Before the U.S. military tried to hide nuclear missiles under the Greenland Ice Sheet during the Cold War, they asked scientists to determine the stability of the ice that would shelter the warheads. From the secret nuclear-powered Project Iceworm base, a maze of ice tunnels and caves spanning nearly two miles, they drilled down more than 4,000 feet to the ground, retrieving the world’s first deep ice core sample from a polar ice sheet in 1966. Today, those once-forgotten ice cores are advancing the understanding of a different, but no less global threat than nuclear war—climate change.
Since that first boring of the ice sheet, scientists have retrieved hundreds more ice cores to reconstruct an accurate record of the Earth’s climate for the past few million years. The layers of ice and frozen gas bubbles show the composition of the atmosphere when the ice formed, how much it snowed and how warm or cold it was.
But the tools to make such a detailed analysis didn’t exist when that first core came to the surface, and climate change wasn’t yet a concern for polar scientists. The goal was to expand the tunnel network, potentially to thousands of miles, and to hide medium-range nuclear missiles that could quickly strike the Soviet Union.
The missile plan was shelved and the base on and below the ice—known as Camp Century—was abandoned. The samples, first stored in freezers in Buffalo, then in Copenhagen, were mostly forgotten. But recently, American and Danish scientists rediscovered them when they were moving between labs. They said they were stunned to find bits and pieces of plants in the gravel layers sampled from the bottom of 4,000 feet of ice.
The twigs and foliage came from moss and shrubs that grew in tundra similar to that found in parts of Siberia and Alaska today. Finding the vegetation at the bottom of the core showed that the ice sheet, with enough frozen water to raise sea level by 20 feet, melted away completely at least once about 1 million years ago, during a climate shift similar to the pulse of warming caused by human greenhouse gas emissions now. The findings were published Monday in the Proceedings of the National Academy of Sciences.
“It’s one of the things that can help tell the story of how much warming you need before the ice sheet disappears,” said co-author Dorthe Dahl-Jensen, an ice physics researcher at the University of Manitoba and the University of Copenhagen.
Until now, the strongest evidence showing a complete meltdown of Greenland’s ice sheet came from the warm mid-Pliocene geologic era, about 3 million years ago, said Pam Pearson, director of the International Cryosphere Climate Initiative, who was not involved in the study. But the new research strengthens evidence of a much more recent meltdown, brought on by less warming.
“This might indeed be new, since this core is from the highest point on the ice sheet, which one would expect to persist the longest,” she said.

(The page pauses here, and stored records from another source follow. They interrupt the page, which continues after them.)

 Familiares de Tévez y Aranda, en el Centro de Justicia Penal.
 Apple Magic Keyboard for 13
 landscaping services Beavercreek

Unless temperatures 1 million years ago were warmer than thought, she said, the study suggests that the Greenland Ice Sheet is prone to melting in today’s temperatures. Greenland is already more than 3.6 degrees Fahrenheit warmer than in pre-industrial times, probably close to the threshold that will cause persistent long-term melting, she said.

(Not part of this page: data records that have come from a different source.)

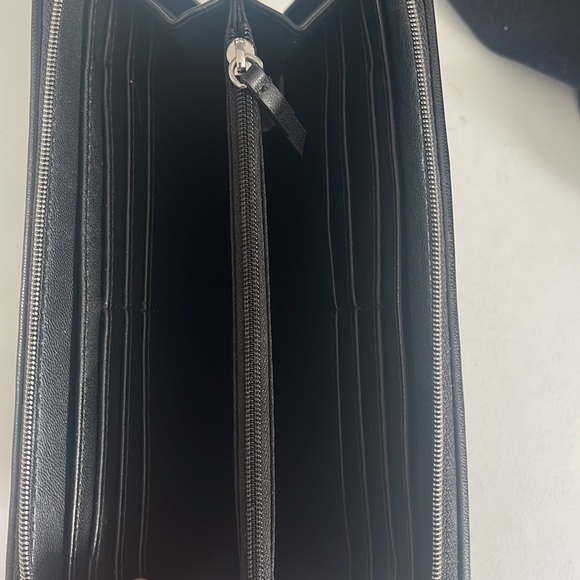 Calvin Klein Wallet - Picture 2 of 2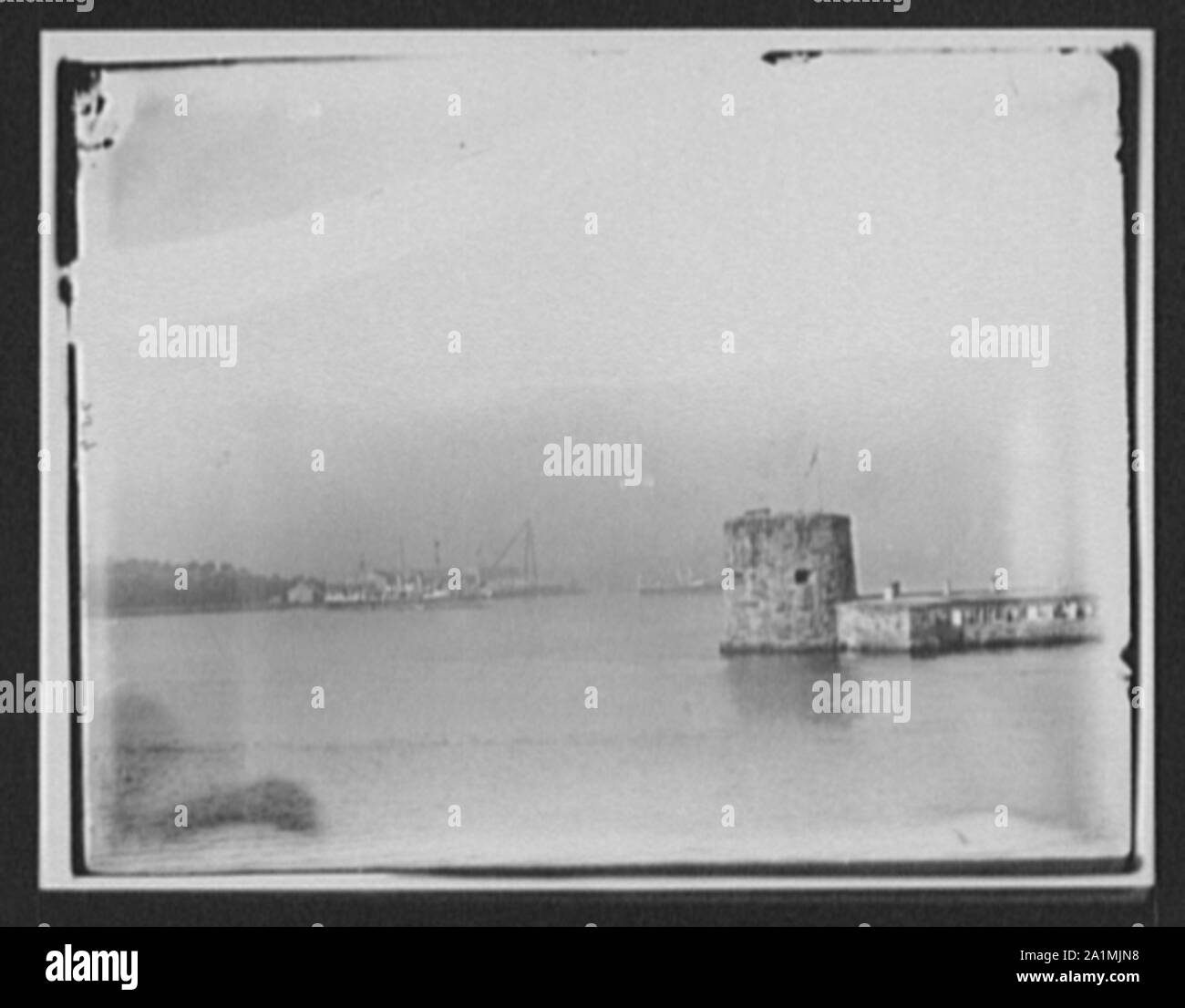 Vecchia fortezza in pietra all ingresso del porto Foto Stock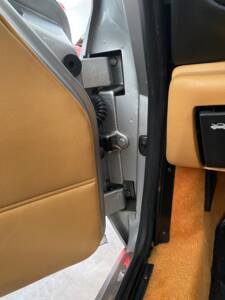 Bild 16/19 von Alfa Romeo 2.0 Spider (1990)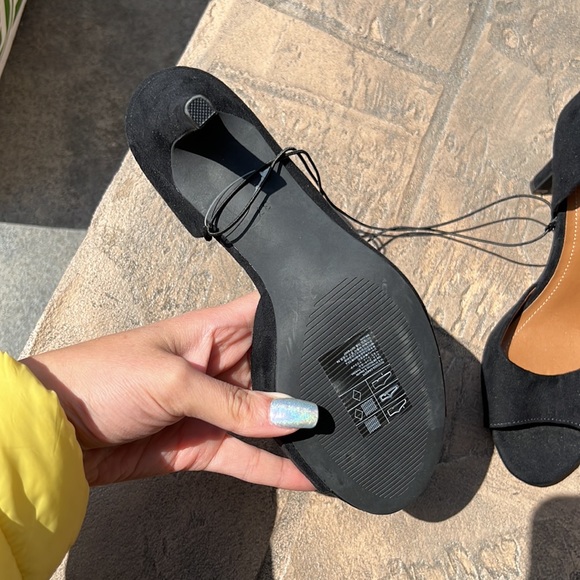 NWT Black suede heels - Picture 4 of 5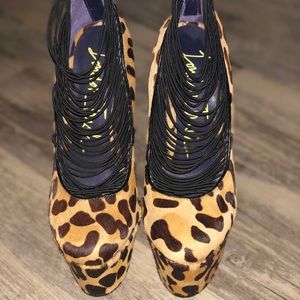 London Trash Leopard Pumps (Size 7)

University of Liége ice researcher Xavier Fettweis cautioned that that the new findings don’t enable a direct comparison between current and past climate conditions, because how the ice sheet warms may be just as important as how much it warms.
For one thing, the location where the ice core was taken is in a part of Greenland that could melt first, according to some climate models.
“That means that vegetation can appear in this area while the ice sheet could remain in some other areas,” he said. Ocean conditions and continent positions were different a million years ago and therefore, “the projected warming can not be directly compared with past conditions.”
And the current and anticipated warming of the Earth is driven by an increase in infrared radiation—the heat trapped by greenhouse gases—while incoming solar radiation is relatively constant. In the past, changing levels of incoming solar radiation, related to changes in Earth’s orbital cycles, drove wide, cyclical climate pulses that periodically warmed and cooled Greenland.
For a while, the old ice core was stashed in the U.S. Army Cold Regions Lab in Buffalo, New York, but in the mid-1990s, they were transferred, still frozen, to Denmark, where they continued to languish in storage until 2014, when University of Vermont geoscientist Paul Bierman met Dahl-Jensen at a conference.
“Dorthe said, ‘We have some more dirt in Copenhagen, you should analyze it,’” Bierman said. When they realized the core sample included about 15 feet of gravel from the base of the ice sheet, they knew they might have something unique and rare that would give them a chance to travel back in time a million years to roughly when Homo erectus and related species started dispersing from Africa.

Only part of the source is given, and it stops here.